Here’s another question from the excellent list posted by Daniel Dib on Twitter:
BGP Split Horizon rule says “Don’t advertise IBGP-learned routes to another IBGP peer.” The purpose is to avoid loops because it’s assumed that all of IBGP peers will be on full mesh connectivity. What is the reason the BGP protocol designers made this assumption?
Time for another history lesson. BGP was designed in late 1980s (RFC 1105 was published in 1989) as a replacement for the original Exterior Gateway Protocol (EGP). In those days, the original hub-and-spoke Internet topology with NSFNET core was gradually replaced with a mesh of interconnections, and EGP couldn’t cope with that.
At that time, Yakov Rekhter and Kirk Lougheed designed the famous three-napkins protocol that became BGP version 1 (RFC 1105). Its goal was to replace EGP and all it needed to get that job done was to advertise networks with AS paths. There were no other attributes in BGP version 1 (and thus absolutely no way to detect intra-AS routing loops).
BGP was designed in days when networking engineers still focused on solving point challenges instead of trying to boil the ocean, and it was clearly understood that while routing within an autonomous system was needed, it was not what BGP was trying to do. From RFC 1105:
If a particular AS has more than one BGP gateway, then all these gateways should have a consistent view of routing. A consistent view of the interior routes of the autonomous system is provided by the intra-AS routing protocol. A consistent view of the routes exterior to the AS may be provided in a variety of ways.

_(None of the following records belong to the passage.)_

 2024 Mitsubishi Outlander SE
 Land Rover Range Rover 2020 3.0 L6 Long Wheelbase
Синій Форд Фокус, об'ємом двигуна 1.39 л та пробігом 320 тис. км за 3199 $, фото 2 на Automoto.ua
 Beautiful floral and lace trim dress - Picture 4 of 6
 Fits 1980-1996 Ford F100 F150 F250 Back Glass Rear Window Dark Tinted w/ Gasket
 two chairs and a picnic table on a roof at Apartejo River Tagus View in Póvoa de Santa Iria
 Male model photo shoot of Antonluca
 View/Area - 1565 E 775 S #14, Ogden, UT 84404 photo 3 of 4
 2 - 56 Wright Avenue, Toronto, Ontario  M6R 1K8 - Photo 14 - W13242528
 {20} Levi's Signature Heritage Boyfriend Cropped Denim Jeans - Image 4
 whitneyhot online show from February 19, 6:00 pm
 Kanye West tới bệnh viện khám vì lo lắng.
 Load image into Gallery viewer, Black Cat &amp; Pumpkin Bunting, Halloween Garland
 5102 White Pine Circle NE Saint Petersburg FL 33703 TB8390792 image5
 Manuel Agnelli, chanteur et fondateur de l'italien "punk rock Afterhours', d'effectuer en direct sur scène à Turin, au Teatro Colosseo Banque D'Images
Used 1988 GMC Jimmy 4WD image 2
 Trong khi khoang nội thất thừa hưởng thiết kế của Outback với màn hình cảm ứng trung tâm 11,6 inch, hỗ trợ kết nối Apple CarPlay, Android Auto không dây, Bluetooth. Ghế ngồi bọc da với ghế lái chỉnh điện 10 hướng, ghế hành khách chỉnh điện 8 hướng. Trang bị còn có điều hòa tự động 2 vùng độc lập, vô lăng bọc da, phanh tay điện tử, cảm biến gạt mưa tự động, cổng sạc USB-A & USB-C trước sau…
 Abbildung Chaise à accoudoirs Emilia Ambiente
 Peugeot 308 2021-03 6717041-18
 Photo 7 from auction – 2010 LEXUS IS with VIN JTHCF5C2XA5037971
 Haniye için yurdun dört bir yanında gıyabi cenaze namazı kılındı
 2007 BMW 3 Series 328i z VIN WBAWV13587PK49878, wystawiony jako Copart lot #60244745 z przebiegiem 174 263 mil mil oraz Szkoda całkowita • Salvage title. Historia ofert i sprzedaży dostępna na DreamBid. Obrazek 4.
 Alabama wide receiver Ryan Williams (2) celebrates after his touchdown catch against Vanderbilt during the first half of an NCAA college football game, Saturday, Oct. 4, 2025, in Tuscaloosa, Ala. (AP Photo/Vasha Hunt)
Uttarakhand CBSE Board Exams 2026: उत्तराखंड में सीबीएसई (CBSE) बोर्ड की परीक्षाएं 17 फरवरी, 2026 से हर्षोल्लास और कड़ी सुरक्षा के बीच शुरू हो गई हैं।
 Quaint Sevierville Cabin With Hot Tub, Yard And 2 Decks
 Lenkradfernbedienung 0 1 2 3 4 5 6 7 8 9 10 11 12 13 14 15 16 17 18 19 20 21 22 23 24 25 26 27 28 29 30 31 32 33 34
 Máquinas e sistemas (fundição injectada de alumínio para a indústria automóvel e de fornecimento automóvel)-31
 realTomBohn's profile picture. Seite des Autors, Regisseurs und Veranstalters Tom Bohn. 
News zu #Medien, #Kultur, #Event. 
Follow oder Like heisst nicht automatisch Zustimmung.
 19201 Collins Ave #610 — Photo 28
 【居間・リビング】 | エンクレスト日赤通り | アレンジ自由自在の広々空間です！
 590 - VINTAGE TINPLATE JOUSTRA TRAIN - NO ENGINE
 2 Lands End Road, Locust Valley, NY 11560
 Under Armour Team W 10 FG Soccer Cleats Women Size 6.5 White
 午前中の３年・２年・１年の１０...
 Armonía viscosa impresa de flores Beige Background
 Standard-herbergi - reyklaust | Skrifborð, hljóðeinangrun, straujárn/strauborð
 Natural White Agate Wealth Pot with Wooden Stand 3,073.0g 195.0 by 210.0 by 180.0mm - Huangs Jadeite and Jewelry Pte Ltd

One of the ways to provide a consistent view of exterior routes was to redistribute exterior routes into IGP. Early BGP implementations required BGP prefixes to be present in an IGP, or they wouldn’t advertise them to other autonomous systems – the famous
bgp synchronization nerd knob that persisted in Cisco IOS (and CCIE lab exams) for decades.
Even more, when redistributing a BGP route into OSPF, the redistributing router copies the first AS in the AS-path into the OSPF tag together with a few extra bits that help the egress router recreate a short AS-path from OSPF tag when redistributing OSPF back into BGP1 – in those days, if you were a regional ISP, you didn’t need IBGP at all.
The designers of BGP version 1 understood that some networks might prefer to exchange BGP information directly between AS-edge routers while still redistributing BGP into IGP to get external routes into forwarding tables of intermediate devices. They could have made the protocol more complex (and harder to implement) but decided to go down the long-forgotten path of “we’ll keep protocols simple and assume that the engineers using them know what they’re doing.” Quoting RFC 1105 again:
One way is to use the BGP protocol to exchange routing information between the BGP gateways within a single AS. In this case, in order to maintain consist routing information, these gateways MUST have direct BGP sessions with each other (the BGP sessions should form a complete graph).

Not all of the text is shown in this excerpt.